User:ErsatzCulture/Tagging
I think I've seen a few comments on this Wiki - this is the main one I'm thinking of, although that content will get archived and the link will break sooner or later - or in the bugs/feature requests about the low usage of tagging, and I agree. To try to help push that area forward, I'm in the middle of hacking together some tooling to help me know where I might be able to improve the tag data.
Report on books in my Goodreads collection that have no or few tags in ISFDB
(This will probably be of little use or interest to anyone who doesn't track their collection/reading on Goodreads.)
I have a script that goes through a CSV export from Goodreads, tries to match up the books against a local copy of the ISFDB database, and report on any books that don't have tags, have few tags, or don't have any of what I call "core" tags (which are the main/top level genres covered on ISFDB e.g. "science fiction", "fantasy", "horror" and a couple of others).
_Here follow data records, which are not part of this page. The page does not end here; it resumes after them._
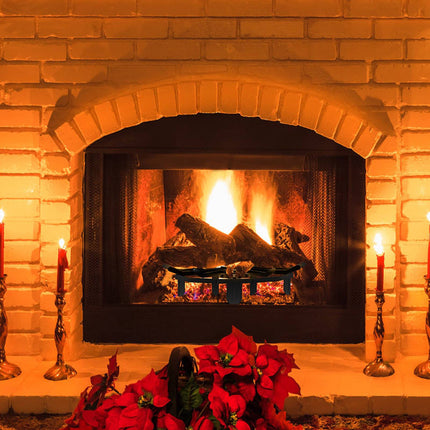27-Inch Fireplace Log Grate, 6-Leg Powder-Coated Steel
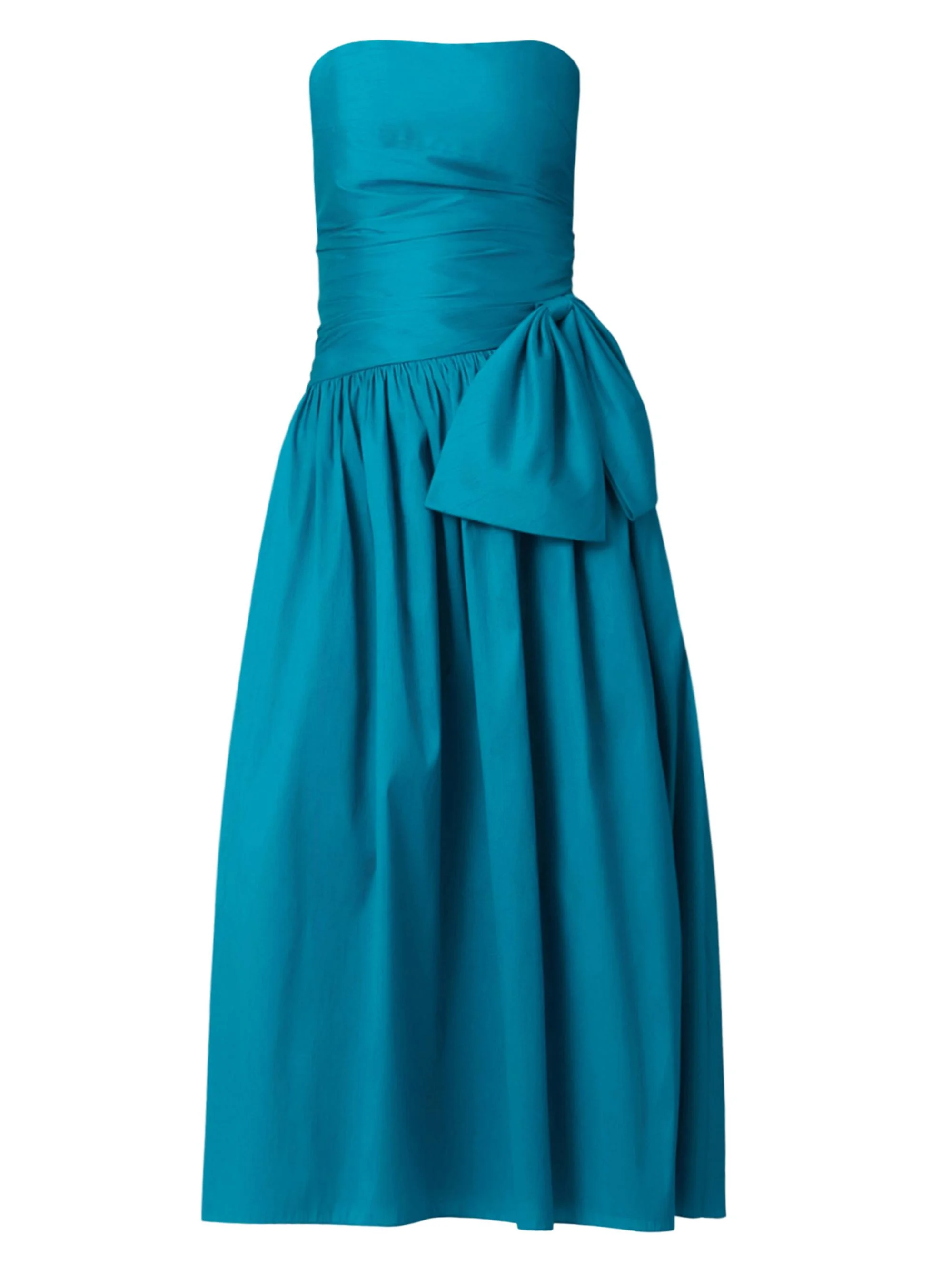 Women's Sonia Strapless Tea-Length Dress - Deep Sea - 1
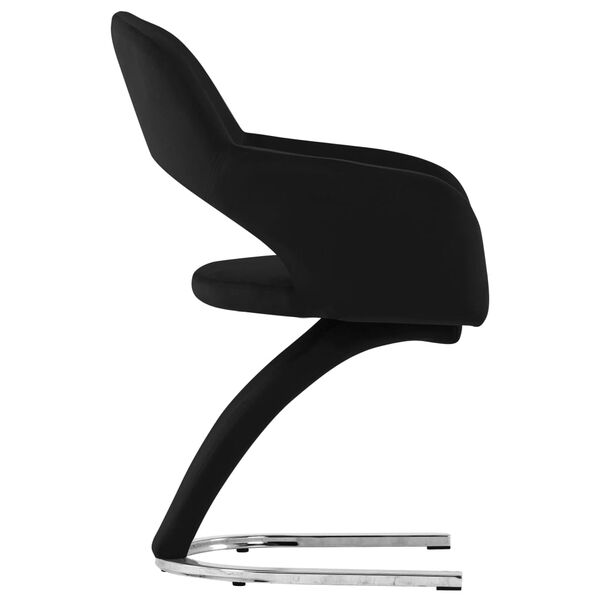 vidaXL Jedilni stoli 2 kosa črn žamet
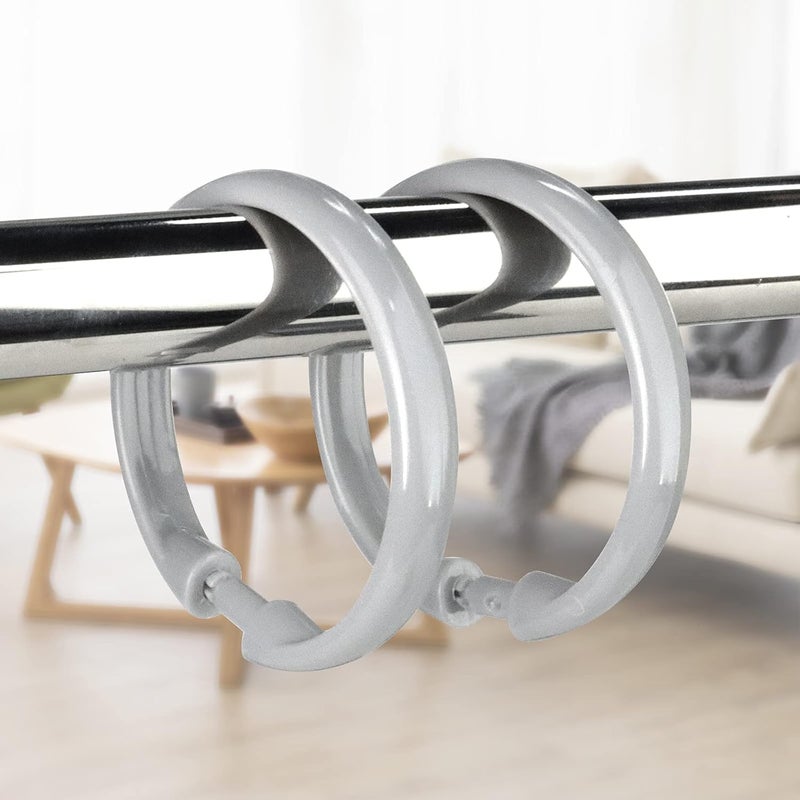 Qulable Shower Curtain Rings-12 Pack- Plastic Shower Curtain Hooks O-Shaped Rings Hook Glide Easily on Bathroom Shower Rod(Grey) - Image 4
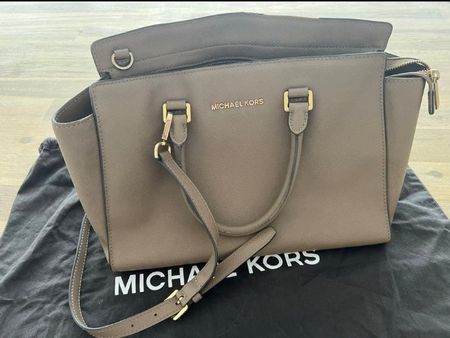 Sac à main Michael Kors, Cuir Saffiano, Taupe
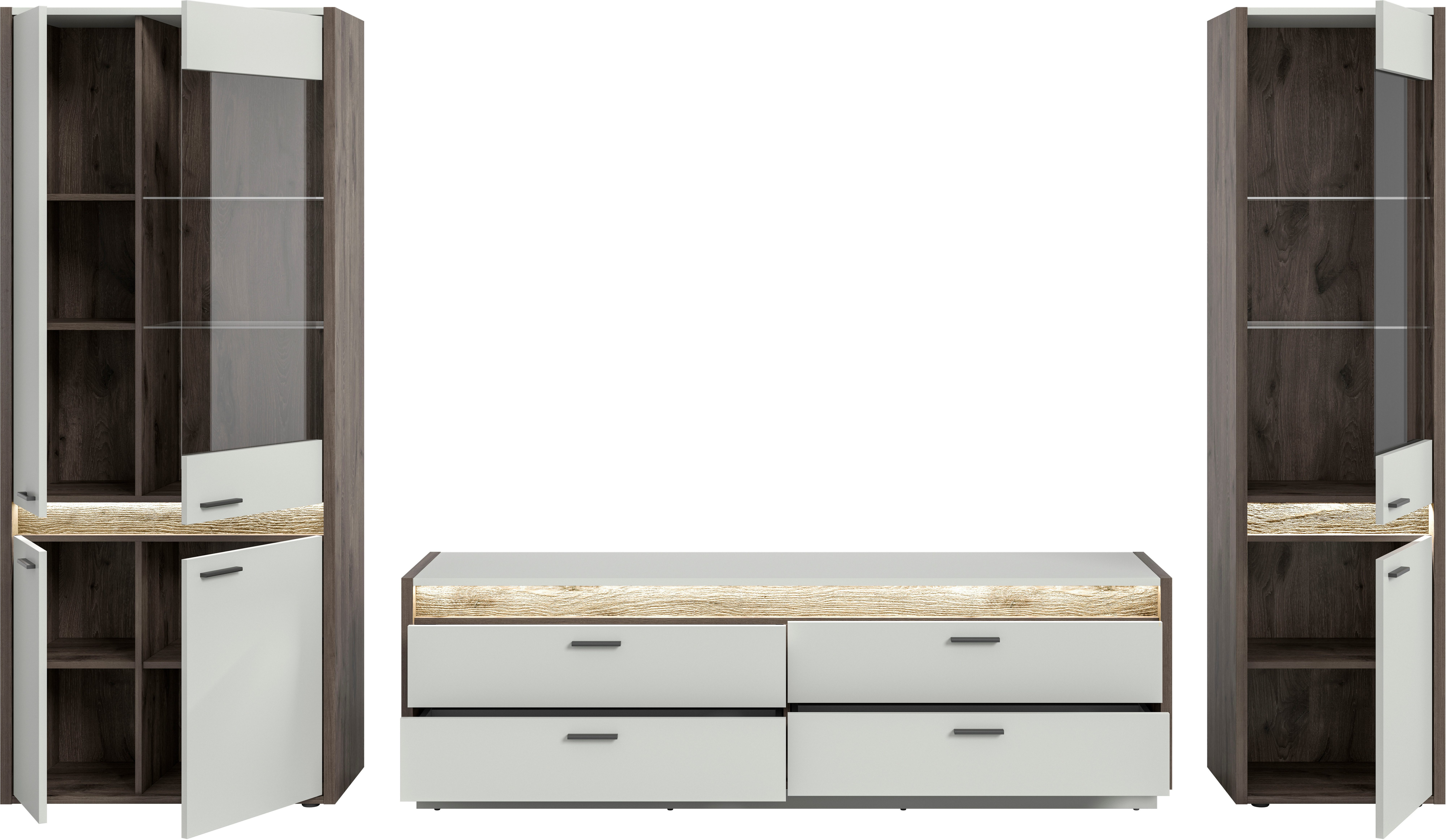 INOSIGN Wandmeubel Treviso, Breedte 350 cm, bestaand uit: 2x Vitrine en 1x Lowboard (3-delig)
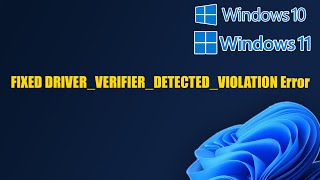 FIXED DRIVERVERIFIERDETECTEDVIOLATION Error In Windows 1110 [upl. by Kittie]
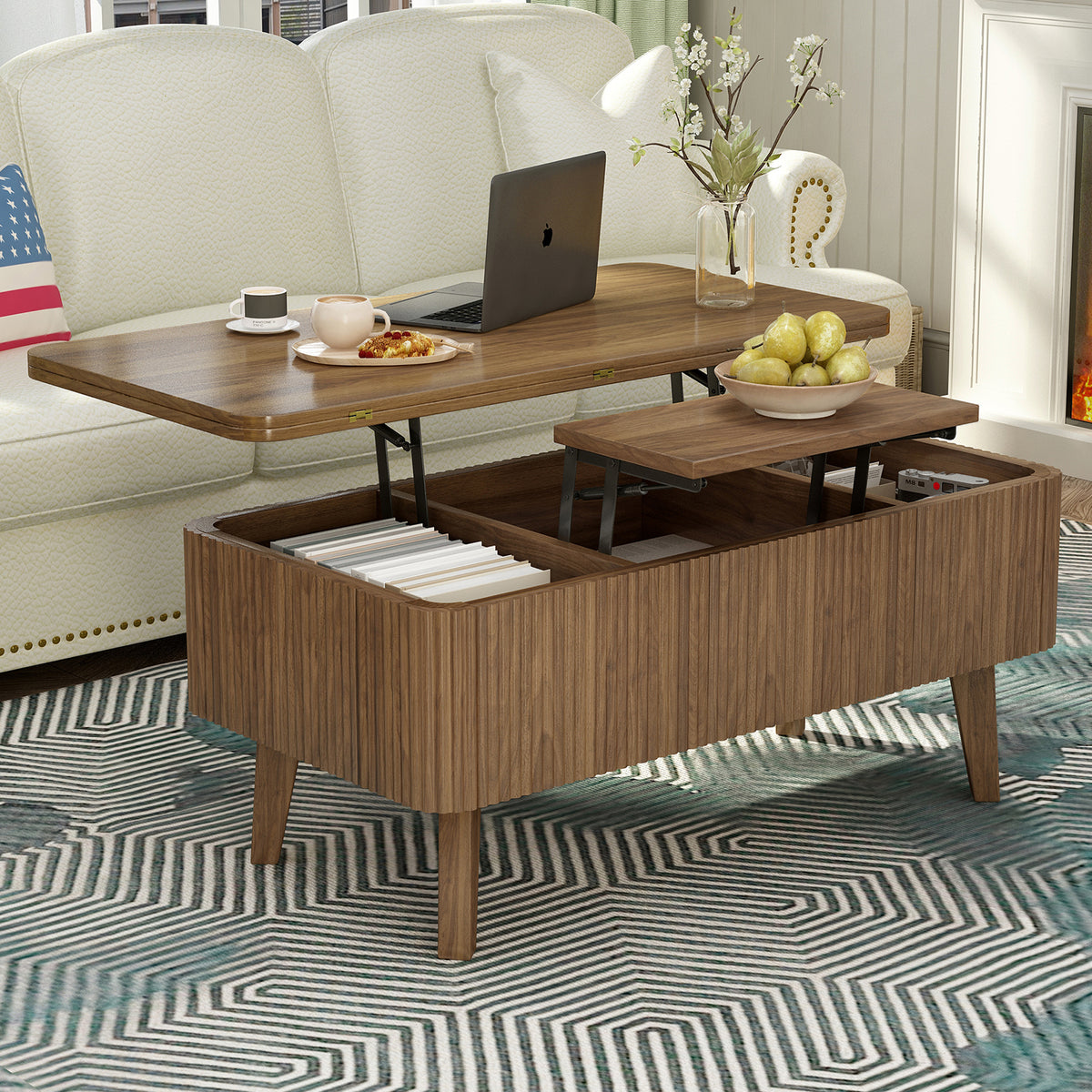 3-in-1 lift top coffee table, walnut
Some example output (the real output is colour coded, so this extract is less legible than it might otherwise be):
./check_isfdb_tags.py -f read -f science-fiction Diaspora by Greg Egan has 10 tags in ISFDB http://www.isfdb.org/cgi-bin/title.cgi?1399 ERROR:root:Could not find M.G. Wheaton/Emily Eternal in ISFDB - skipping Lock In by John Scalzi has 3 tags in ISFDB http://www.isfdb.org/cgi-bin/title.cgi?1658286 Children of Ruin by Adrian Tchaikovsky has 5 tags in ISFDB http://www.isfdb.org/cgi-bin/title.cgi?2528986 Europe at Midnight by Dave Hutchinson has 4 tags in ISFDB http://www.isfdb.org/cgi-bin/title.cgi?1916529 Ubik by Philip K. Dick has 2 tags in ISFDB http://www.isfdb.org/cgi-bin/title.cgi?948 A Memory Called Empire by Arkady Martine has 2 tags in ISFDB http://www.isfdb.org/cgi-bin/title.cgi?2500310 Semiosis by Sue Burke has 3 tags in ISFDB http://www.isfdb.org/cgi-bin/title.cgi?2300478 Apex by Ramez Naam has 2 tags in ISFDB http://www.isfdb.org/cgi-bin/title.cgi?1864582 Starplex by Robert J. Sawyer has 0 tags in ISFDB http://www.isfdb.org/cgi-bin/title.cgi?5748 ERROR:root:Could not find Neal Asher/Gridlinked: An Agent Cormac Novel 1 in ISFDB - skipping The City in the Middle of the Night by Charlie Jane Anders has 2 tags in ISFDB http://www.isfdb.org/cgi-bin/title.cgi? 2486327 The Left Hand of Darkness by Ursula K. Le Guin has 20 tags in ISFDB http://www.isfdb.org/cgi-bin/title.cgi?7662 ERROR:root:Could not find C.L. Moore/Doomsday Morning in ISFDB - skipping Shadow Captain by Alastair Reynolds has 1 tags in ISFDB http://www.isfdb.org/cgi-bin/title.cgi?2469371 The Handmaid's Tale by Margaret Atwood has 7 tags in ISFDB http://www.isfdb.org/cgi-bin/title.cgi?1816 The Handmaid's Tale lacks a core tag: sexism,dystopia,into-tv,into-movie,list NPR Top100 (2011),misogyny,near future http://www.isfdb.org/cgi-bin/title.cgi?1816 ERROR:root:Could not find Aliette de Bodard/The Tea Master and the Detective in ISFDB - skipping Embers of War by Gareth L. Powell has 2 tags in ISFDB http://www.isfdb.org/cgi-bin/title.cgi?2301133 The Fountains of Paradise by Arthur C. Clarke has 4 tags in ISFDB http://www.isfdb.org/cgi-bin/title.cgi?1903 ... etc ...
The current version is pretty dumb/lazy when it comes to matching up author name (e.g. "C.L. Moore vs C. L. Moore") or title discrepancies (e.g. "Gridlinked" vs "Gridlinked: An Agent Cormac Novel 1"), hence the "ERROR"s above.
The idea is that I run this script, and can easily click on the ISFDB URL for any that it thinks could do with improvement.
The code for this report is in my GitHub repos here and here, but requires a fair bit of technical knowledge to set up. If anyone wants me to run it against their own Goodreads data, just make the CSV export of your collection available and I'll happily run the script against it and give you the results back.
(There's no technical reason that something like this couldn't be brought into a state where it was within ISFDB itself, and you could upload the CSV to the site - however, this processing is relatively database intensive, and I don't know that having that sort of high-load job on a public facing site would be a good idea.)